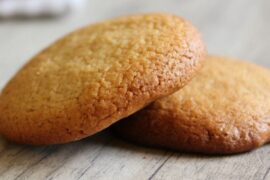 Homemade Chilean honey cookies, golden and baked, stacked on a plate.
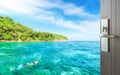 Opened wooden door to tourist snorkeling in tropical clear sea near the green island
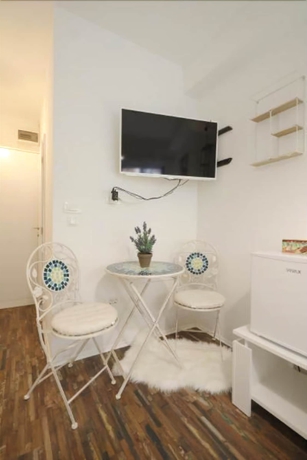 Imagen de la habitación del Hotel Ina Apartments. Foto 13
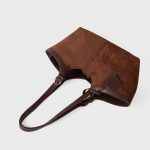 A black faux suede tote with a scooped top, smooth vegan leather trim, and adjustable buckled shoulder straps. Additional product view 6.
********
Aim of the task:
All of the lines above should be printed exactly, minus the pictures.

Task solution:
 Homemade Chilean honey cookies, golden and baked, stacked on a plate.
 Opened wooden door to tourist snorkeling in tropical clear sea near the green island
 Imagen de la habitación del Hotel Ina Apartments. Foto 13
 A black faux suede tote with a scooped top, smooth vegan leather trim, and adjustable buckled shoulder straps. Additional product view 6.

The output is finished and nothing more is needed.